- Task instructions: Could you transcribe every record below exactly, leaving out any pictures?

- Data for processing:
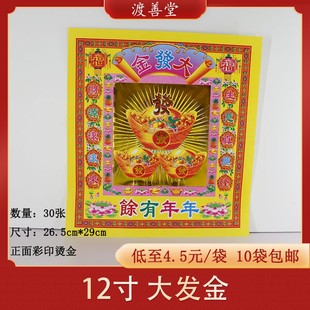 12寸发才金关帝镭射金纸烫金纸元宝折纸批发烧纸黄表纸30张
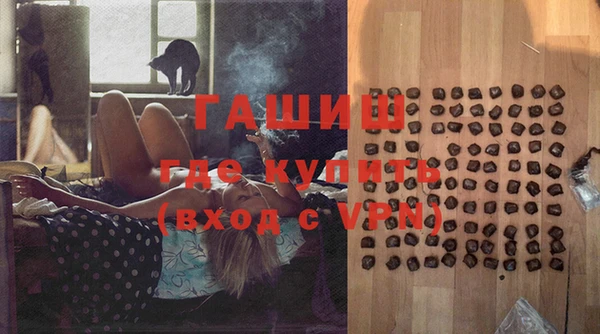 бутират Киренск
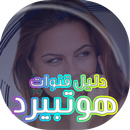 هوتبيرد دليل 2020 APK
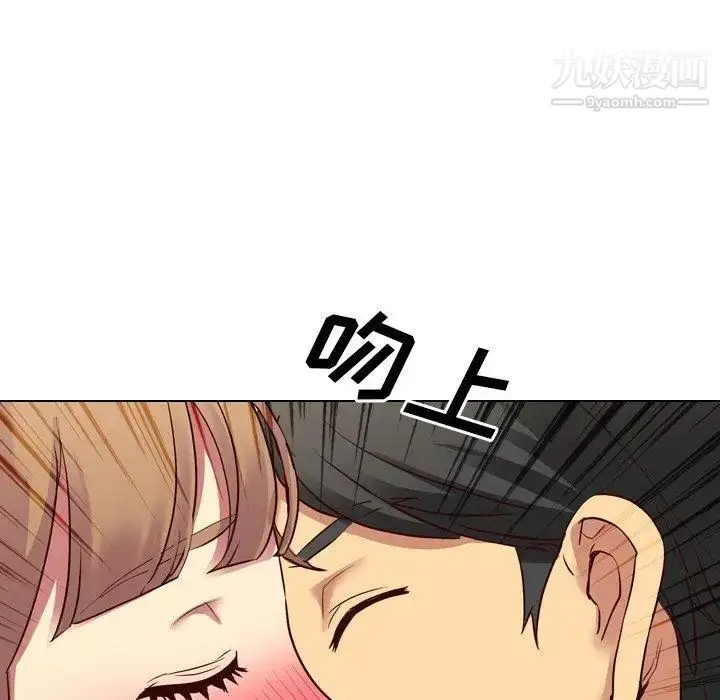 漫画《毫无保留的她》第9话第62张图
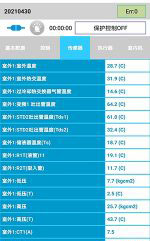 舞阳中央空调维修电话是多少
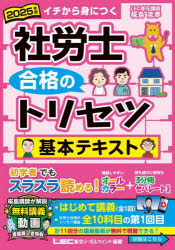 社労士合格のトリセツ基本テキスト　イチから身につく　2025年版　東京リーガルマインドLEC総合研究所社会保険労務士試験部/編著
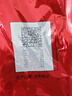 開飯樂營養(yǎng)3+1德克薩斯烤牛排味鱈魚益生元中大型小型犬成犬狗糧10kg 曬單實拍圖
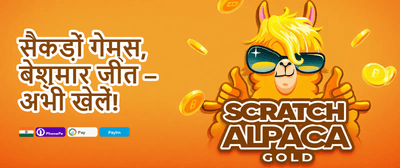Grand Welcome Match Bonus promotion banner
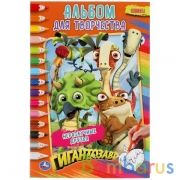 Неразлучные друзья. Гигантозавр. Раскраска по номерам, А5. Альбом для творчества. Умка в кор.50шт | фото №0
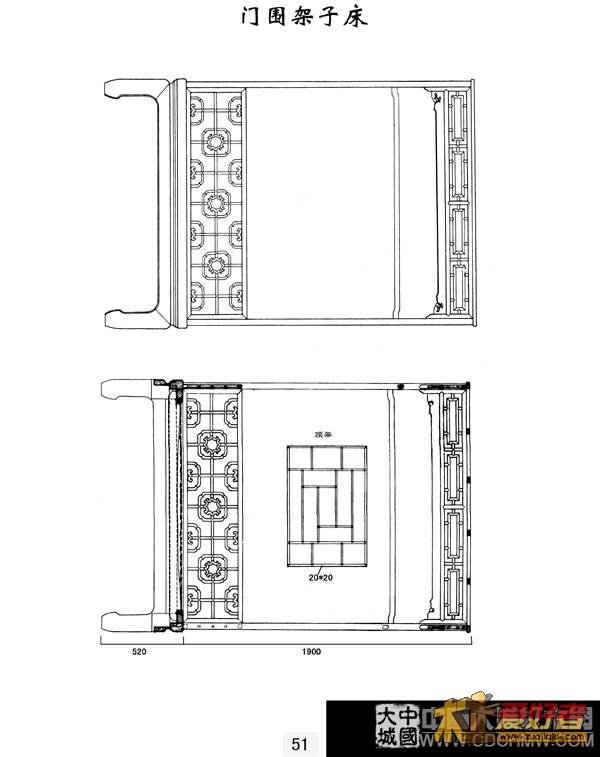 门围架子床2.jpg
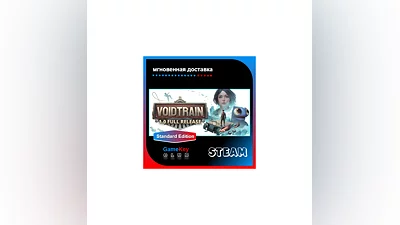 Voidtrain + Игры | Steam | Оффлайн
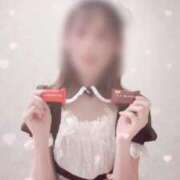 ヒメ日記 2026/02/07 13:12 投稿 すみれ ジャパンクラブ富士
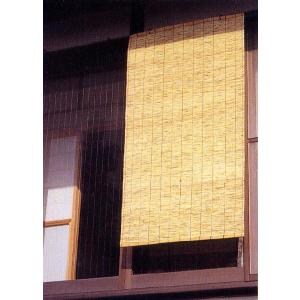 天津すだれ（よしず）本間　大　巾96cx長さ157cm　56976　/　すだれ　よしず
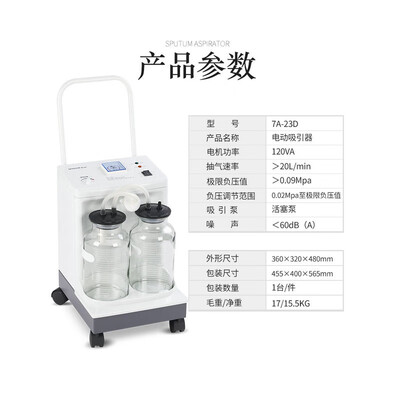 鱼跃 7A-23D 电动吸痰器 家用便携式到底如何,值得入手吗(鱼跃吸痰器7EC和7EB5哪个好)-图片2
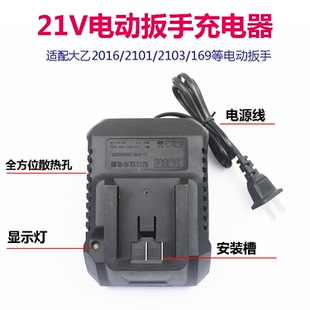 适配大艺电动扳手充电器48V88VF通用a3锂电池2106角磨充电器配件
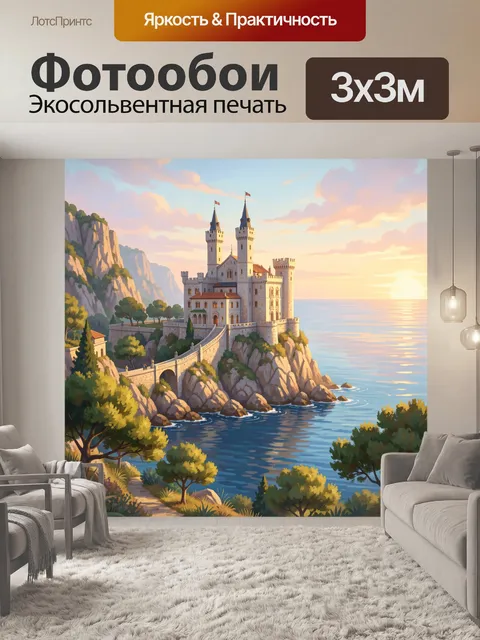 Фотообои Замок на скале у моря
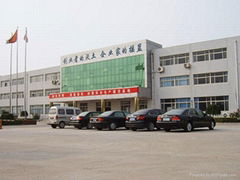 Hengshui guangxing screens company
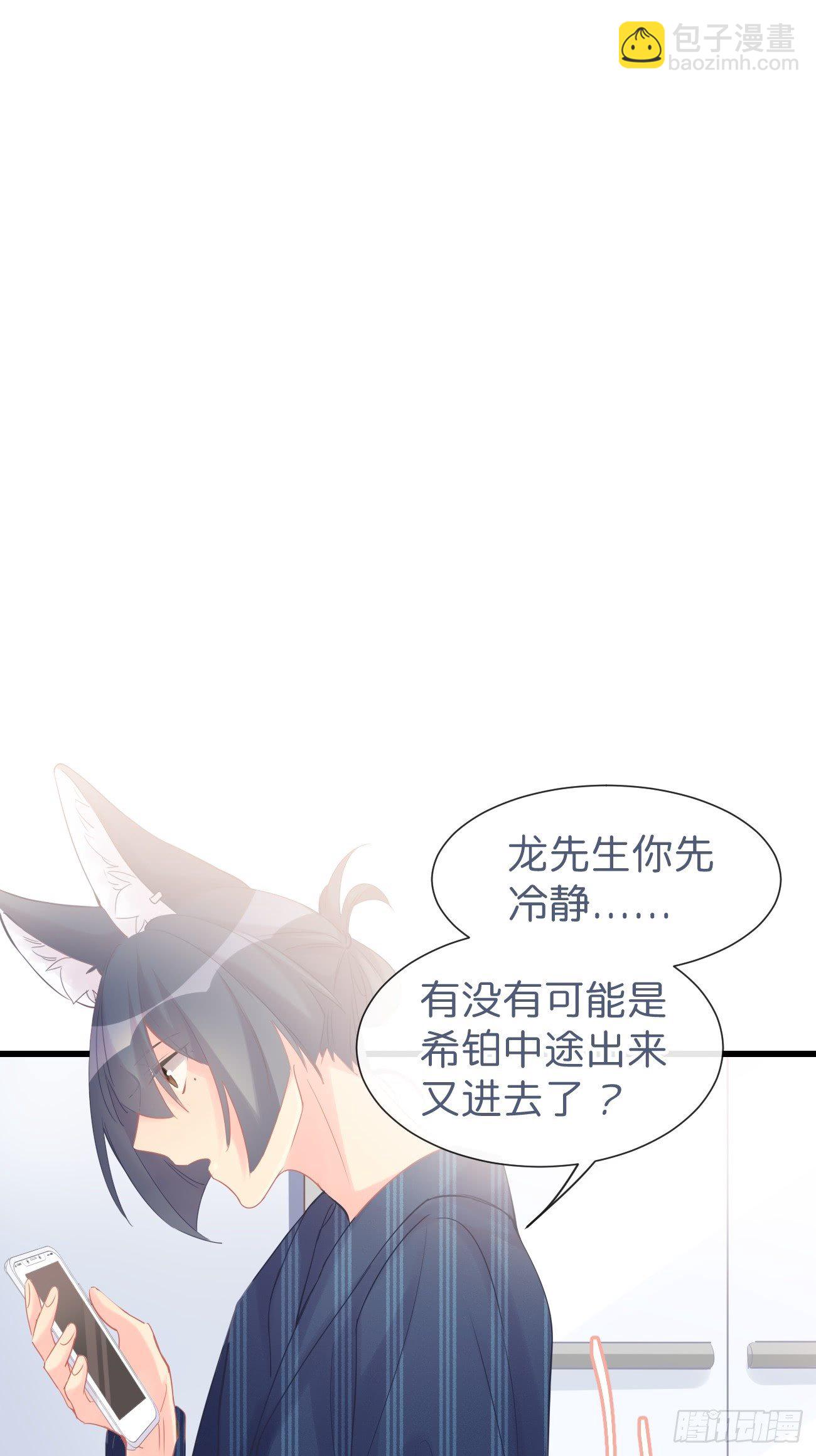 ◆09下◆ 好像不管用？-第21话
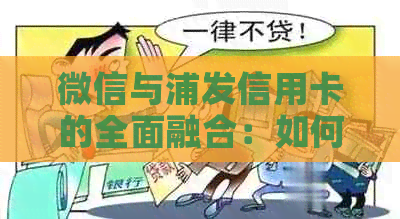 微信与浦发信用卡的全面融合：如何使用、申请和管理浦发信用卡的全方位指南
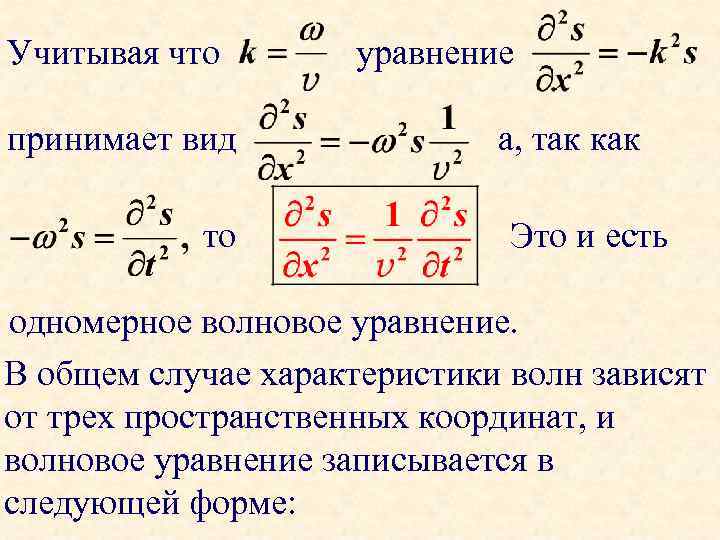 Учитывая что принимает вид то уравнение а, так как Это и есть одномерное волновое
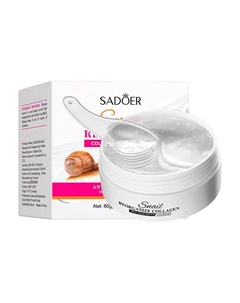 Увлажняющие гидрогелевые патчи для кожи вокруг глаз с экстрактом муцина улитки Sadoer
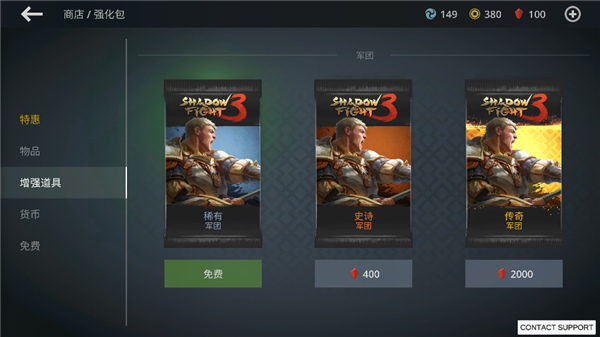 暗影格斗3手游2024最新版(Shadow Fight 3)截图0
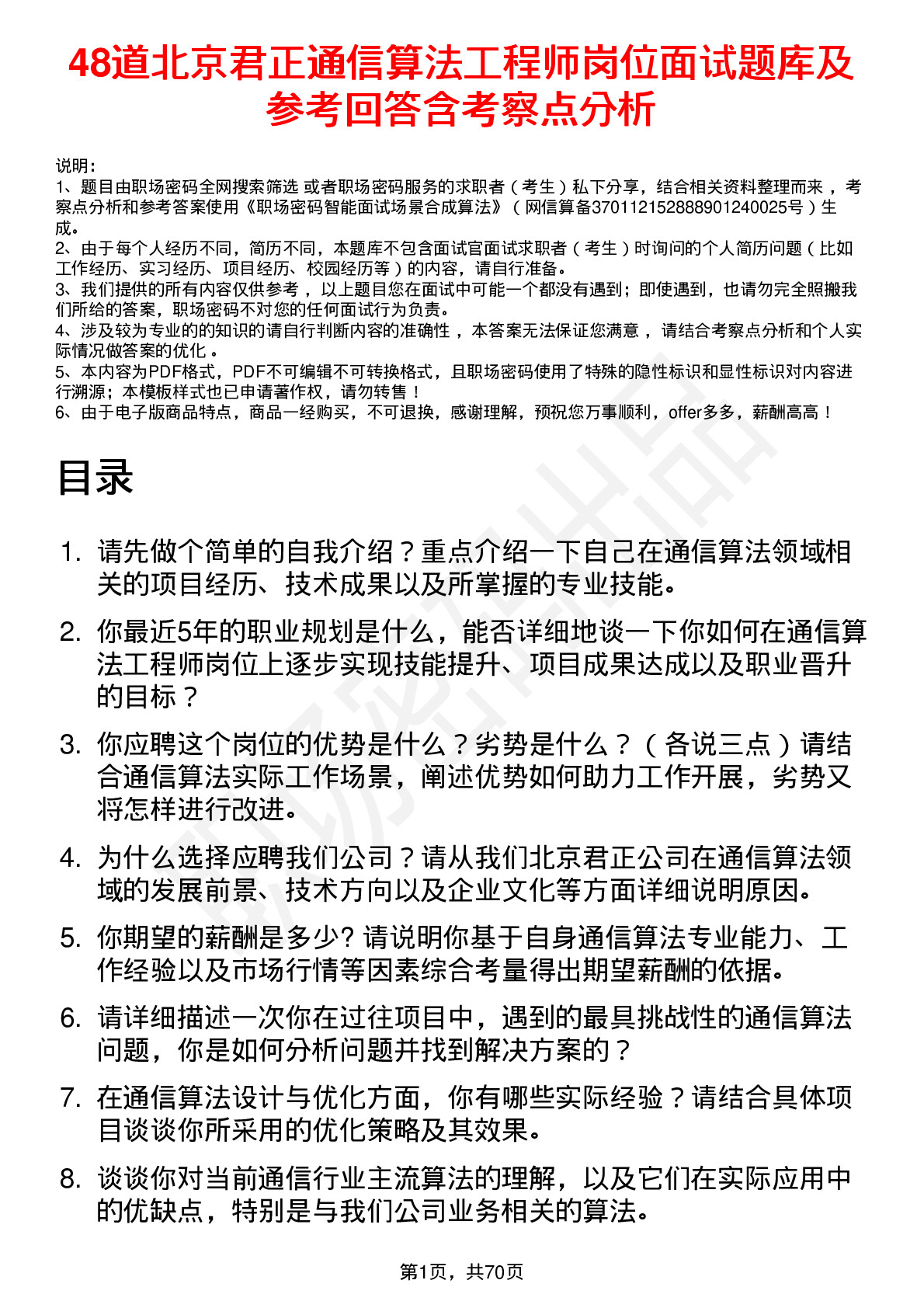 48道北京君正通信算法工程师岗位面试题库及参考回答含考察点分析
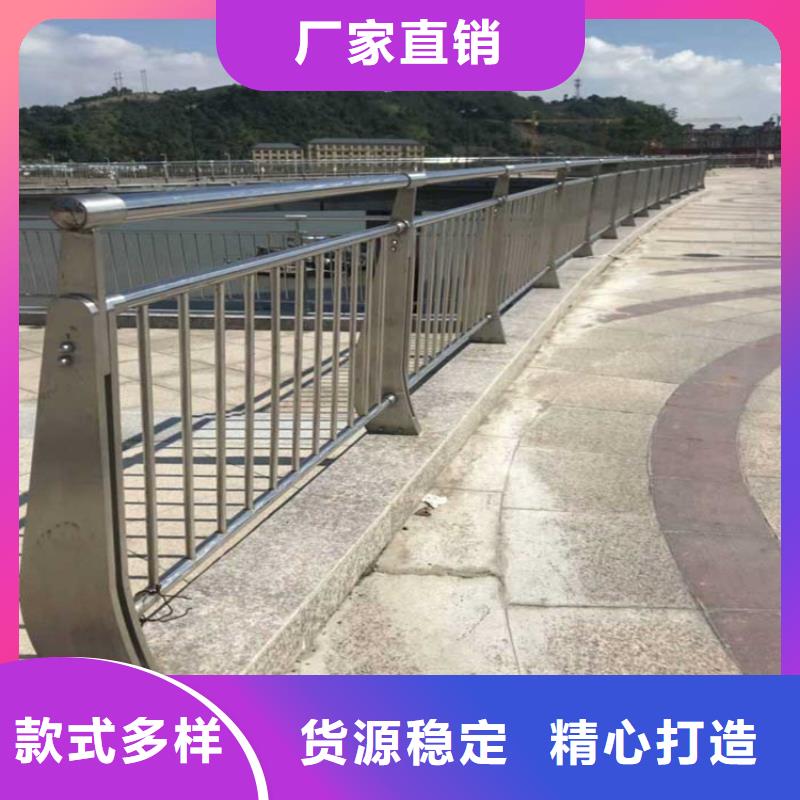 甘肃省品质优选[金宝诚]桥梁两侧复合管护栏厂家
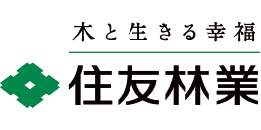 住友林業株式会社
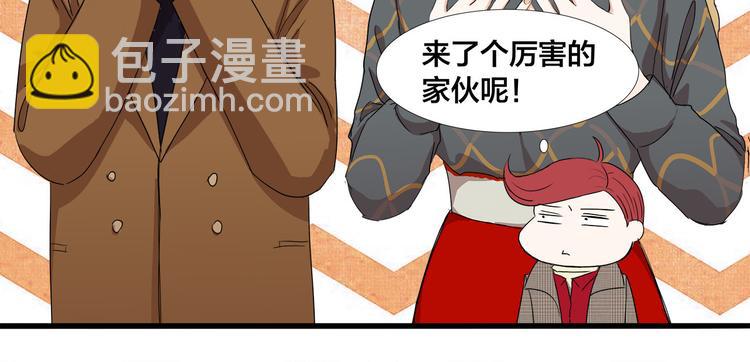 《我们三分熟》第6话过去的恋人 第22页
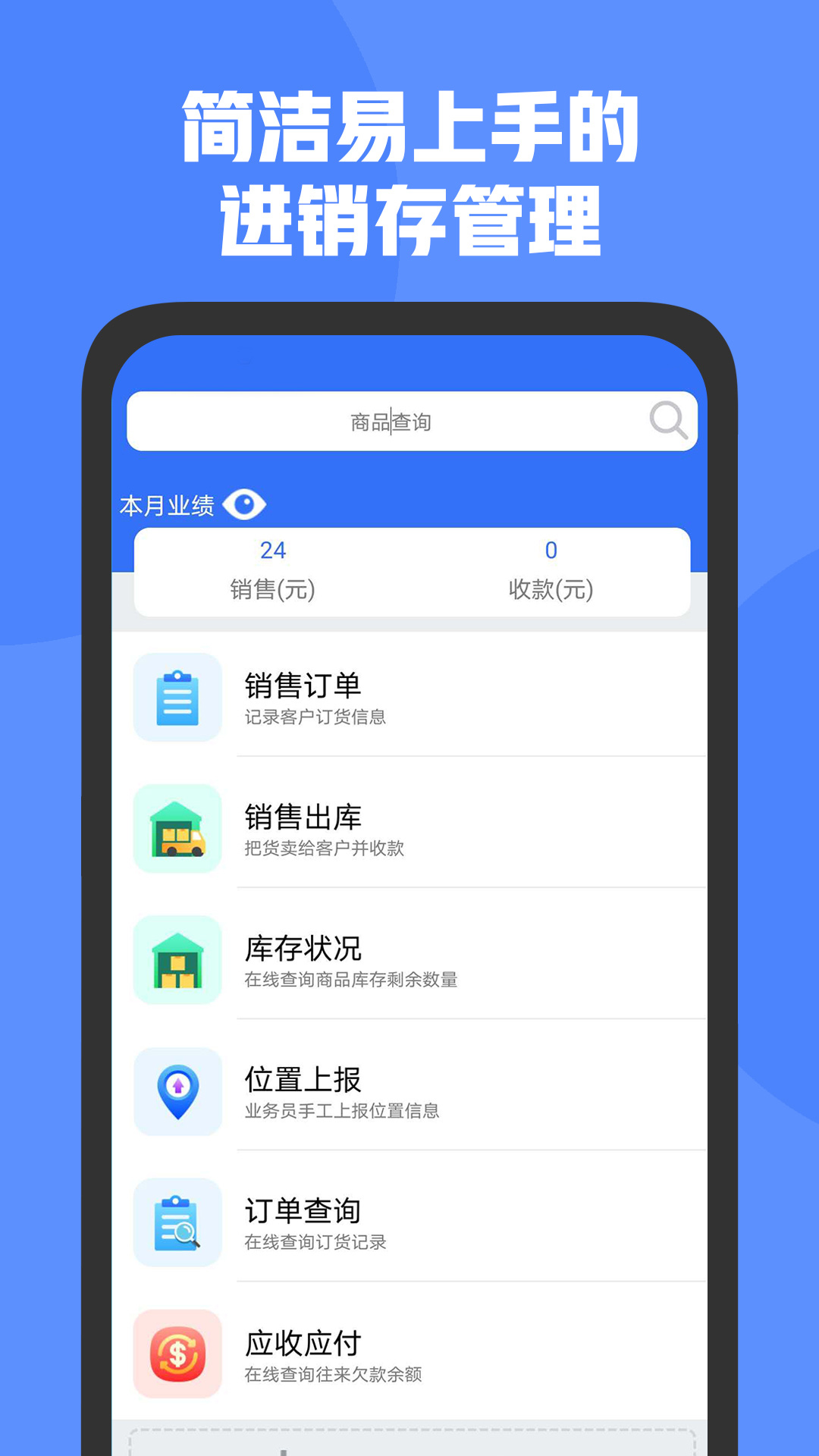 管家婆D9软件封面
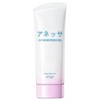 A.N.3.S.S.A Sunscreen UV Gel SPF50+ PA++++ 90g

- Solution to this exercise:
 12寸发才金关帝镭射金纸烫金纸元宝折纸批发烧纸黄表纸30张
 бутират Киренск
 هوتبيرد دليل 2020 APK
 漫画《毫无保留的她》第9话第62张图
 舞阳中央空调维修电话是多少
 社労士合格のトリセツ基本テキスト　イチから身につく　2025年版　東京リーガルマインドLEC総合研究所社会保険労務士試験部/編著
 開飯樂營養(yǎng)3+1德克薩斯烤牛排味鱈魚益生元中大型小型犬成犬狗糧10kg 曬單實拍圖
Grand Welcome Match Bonus promotion banner
 Неразлучные друзья. Гигантозавр. Раскраска по номерам, А5. Альбом для творчества. Умка в кор.50шт | фото №0
 门围架子床2.jpg
 Voidtrain + Игры | Steam | Оффлайн
 ヒメ日記 2026/02/07 13:12 投稿 すみれ ジャパンクラブ富士
 天津すだれ（よしず）本間　大　巾96cx長さ157cm　56976　/　すだれ　よしず
 鱼跃 7A-23D 电动吸痰器 家用便携式到底如何,值得入手吗(鱼跃吸痰器7EC和7EB5哪个好)-图片2
 适配大艺电动扳手充电器48V88VF通用a3锂电池2106角磨充电器配件
 Фотообои Замок на скале у моря
 Hengshui guangxing screens company
 ◆09下◆ 好像不管用？-第21话
 微信与浦发信用卡的全面融合：如何使用、申请和管理浦发信用卡的全方位指南
 Учитывая что принимает вид то уравнение а, так как Это и есть одномерное волновое
 Увлажняющие гидрогелевые патчи для кожи вокруг глаз с экстрактом муцина улитки Sadoer
 暗影格斗3手游2024最新版(Shadow Fight 3)截图0
 48道北京君正通信算法工程师岗位面试题库及参考回答含考察点分析
 甘肃省品质优选[金宝诚]桥梁两侧复合管护栏厂家
 住友林業株式会社
 《我们三分熟》第6话过去的恋人 第22页
 管家婆D9软件封面
 A.N.3.S.S.A Sunscreen UV Gel SPF50+ PA++++ 90g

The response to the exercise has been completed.